## Supplied records

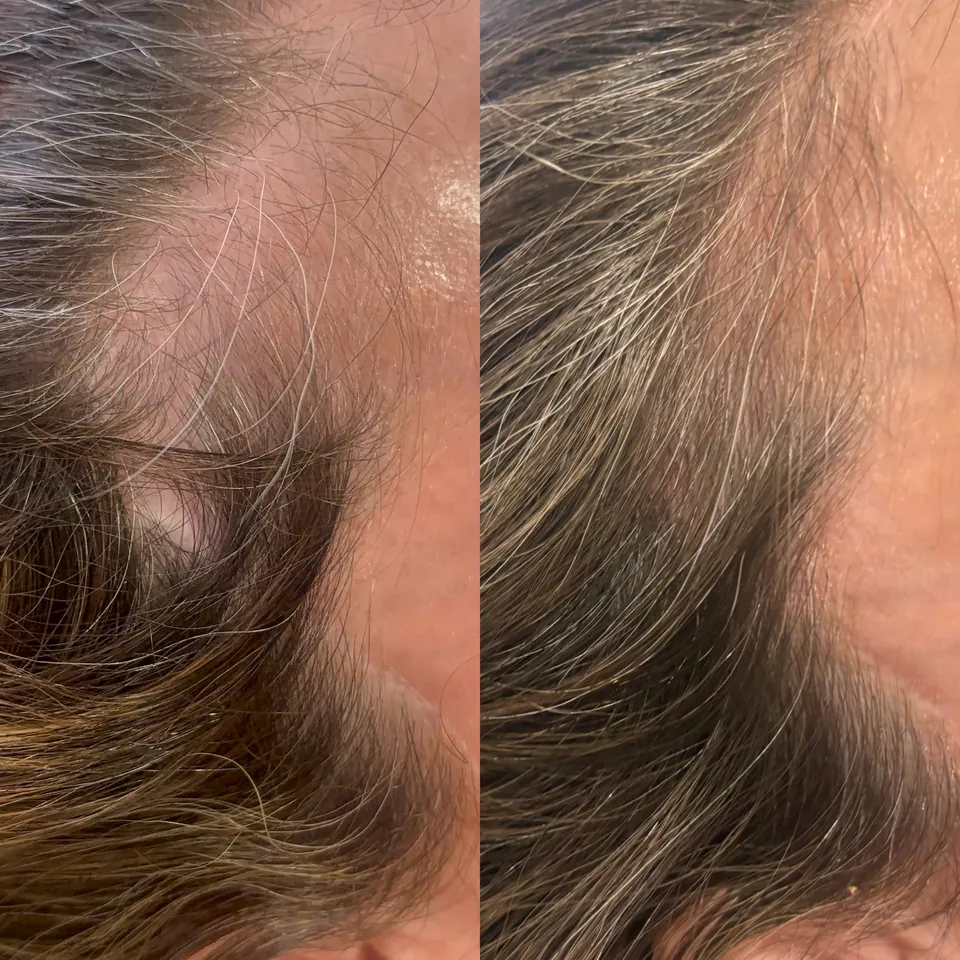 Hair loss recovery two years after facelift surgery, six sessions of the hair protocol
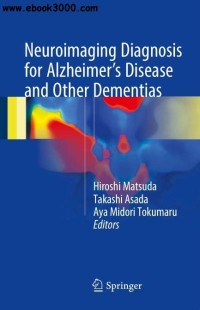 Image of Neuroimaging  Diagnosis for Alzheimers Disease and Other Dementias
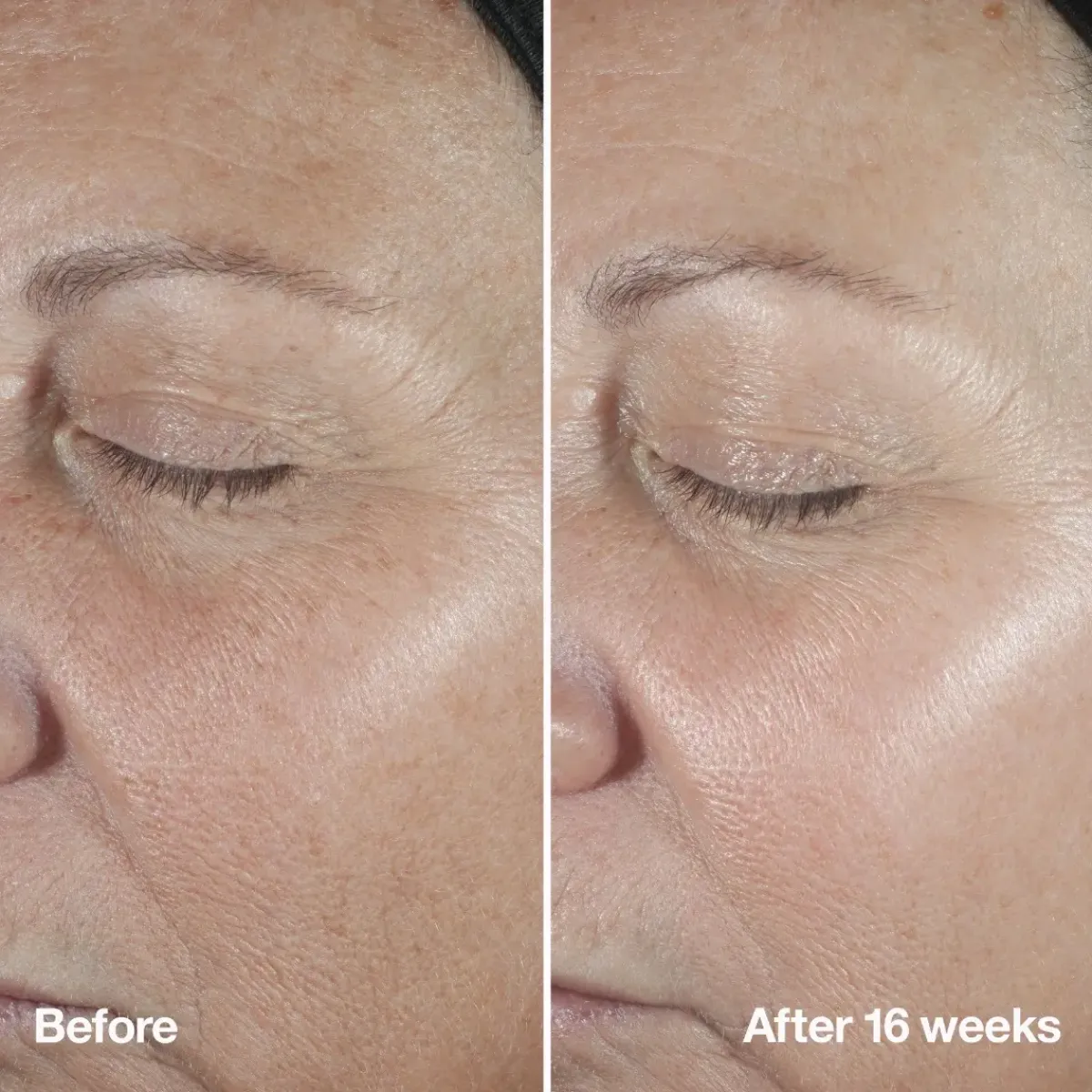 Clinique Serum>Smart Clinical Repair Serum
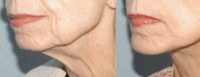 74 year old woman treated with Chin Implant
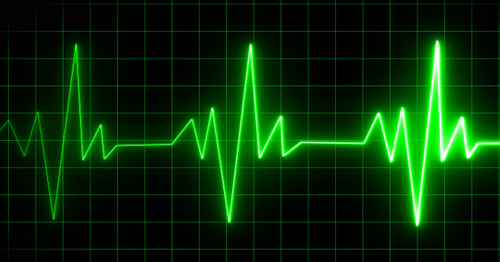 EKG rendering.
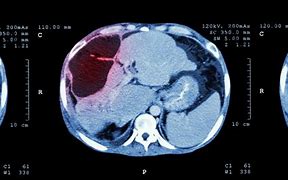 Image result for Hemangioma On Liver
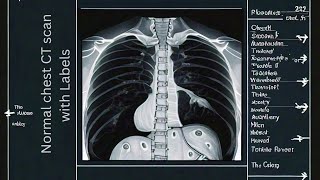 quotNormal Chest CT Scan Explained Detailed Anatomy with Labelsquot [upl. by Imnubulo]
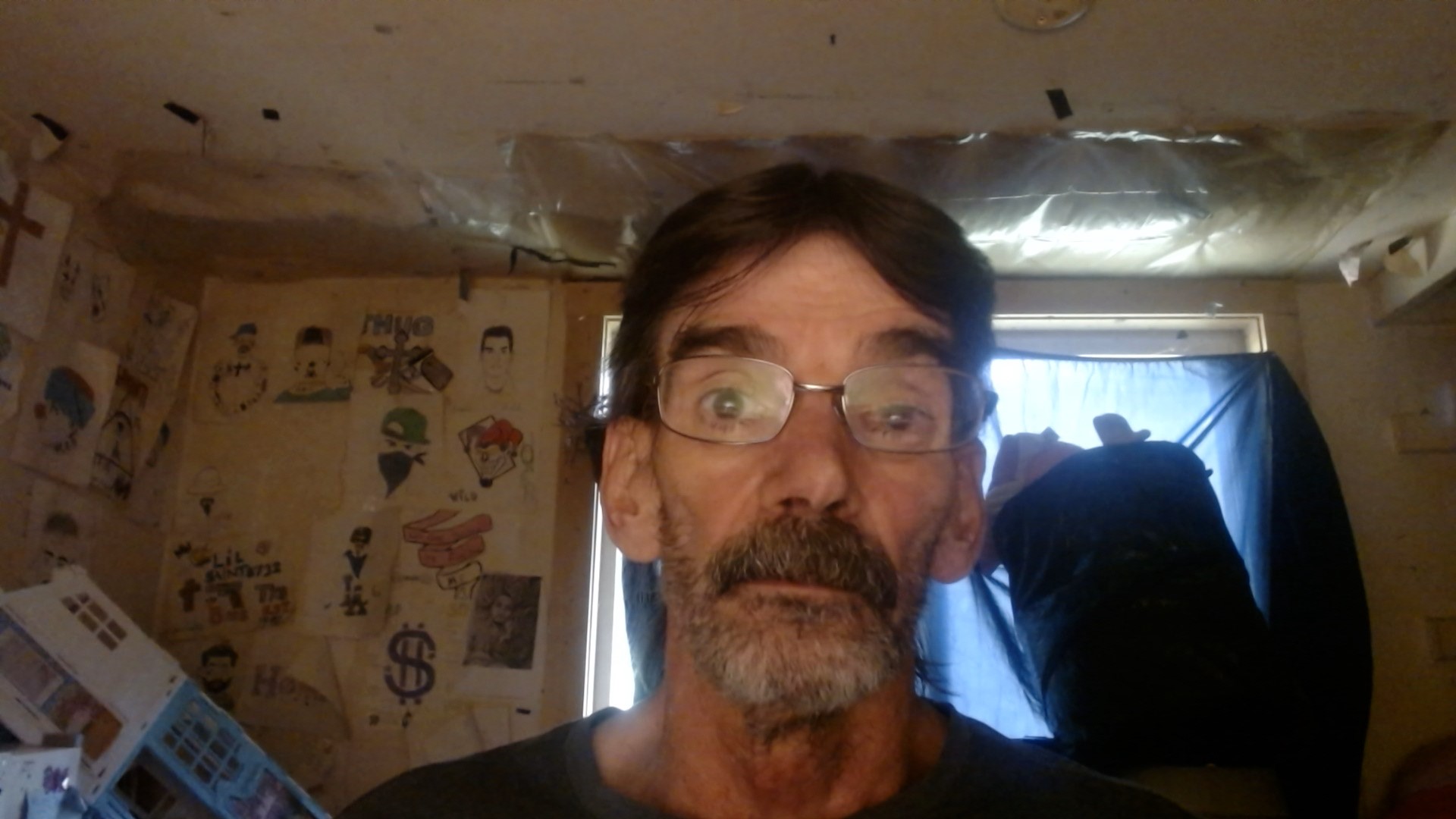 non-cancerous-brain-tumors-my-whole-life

...

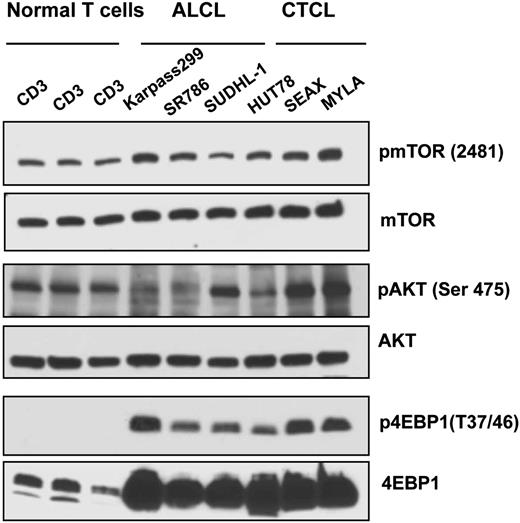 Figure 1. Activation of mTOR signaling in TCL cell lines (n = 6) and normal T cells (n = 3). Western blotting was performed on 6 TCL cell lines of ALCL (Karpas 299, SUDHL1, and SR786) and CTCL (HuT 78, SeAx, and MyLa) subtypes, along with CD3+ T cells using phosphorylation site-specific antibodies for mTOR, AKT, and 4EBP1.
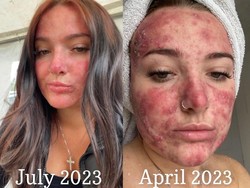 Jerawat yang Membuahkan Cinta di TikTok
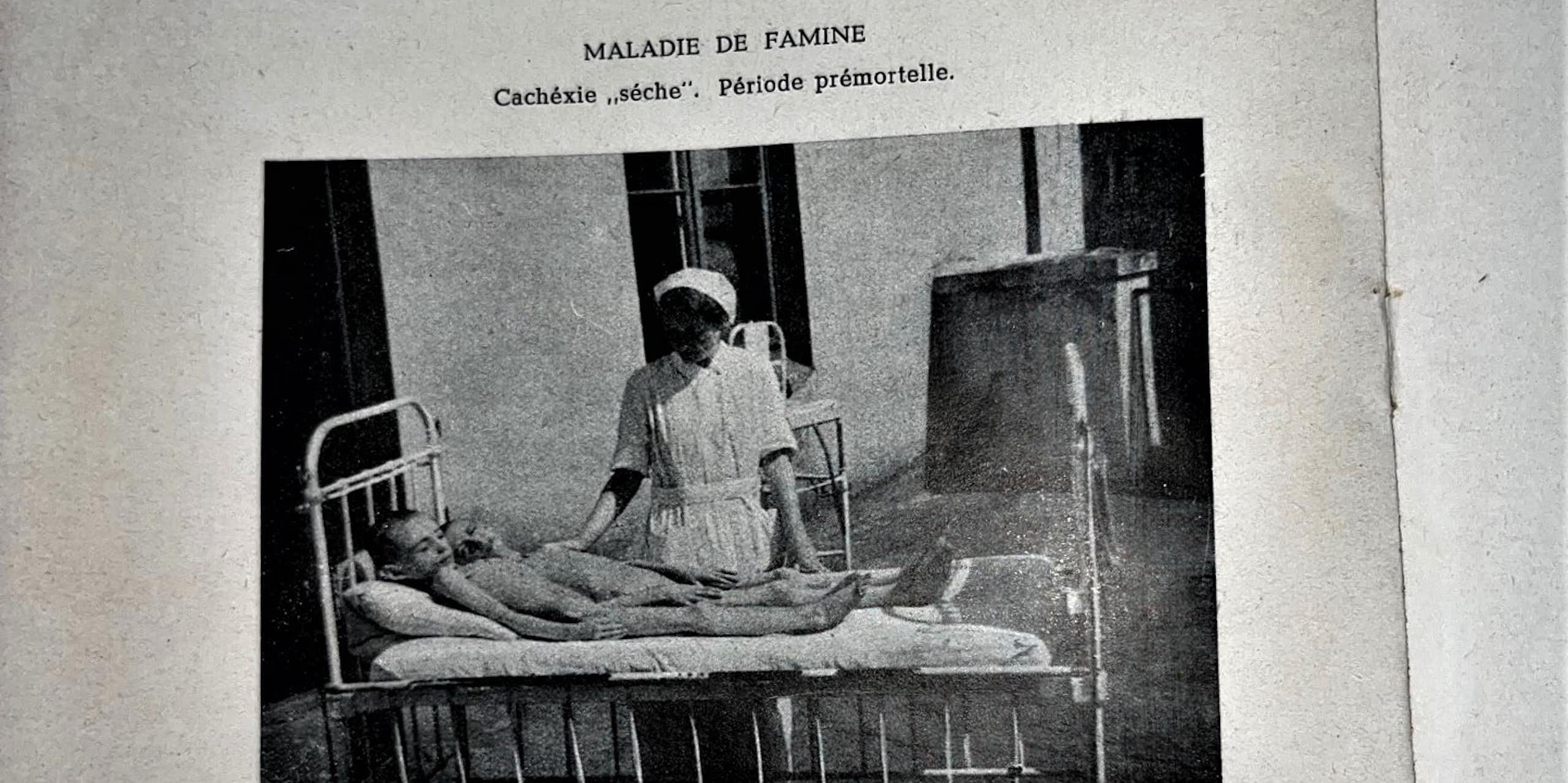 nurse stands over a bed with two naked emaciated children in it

...

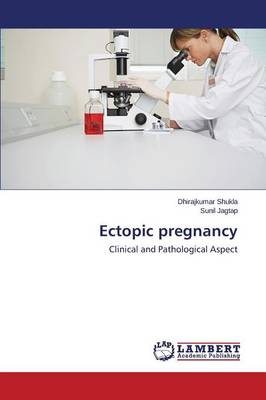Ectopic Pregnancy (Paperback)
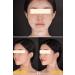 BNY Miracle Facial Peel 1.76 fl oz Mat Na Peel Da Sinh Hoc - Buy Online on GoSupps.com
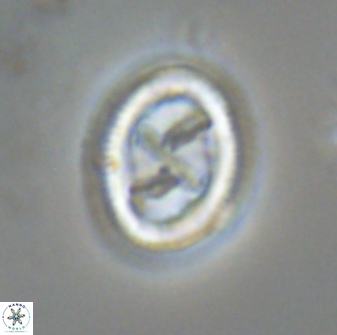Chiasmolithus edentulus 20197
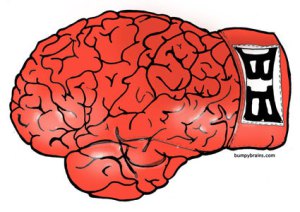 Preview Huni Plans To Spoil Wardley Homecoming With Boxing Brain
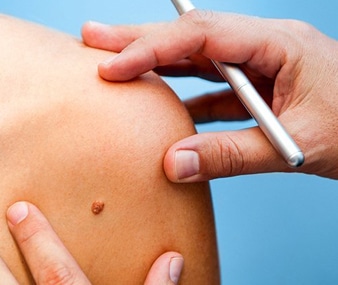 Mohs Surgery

## Task goal
In the listing above, find the line containing "Image result for Hemangioma On Liver" and the line containing "non-cancerous-brain-tumors-my-whole-life", then output those two lines and everything between them exactly as written, without the images.

## Answer
 Image result for Hemangioma On Liver
 quotNormal Chest CT Scan Explained Detailed Anatomy with Labelsquot [upl. by Imnubulo]
 non-cancerous-brain-tumors-my-whole-life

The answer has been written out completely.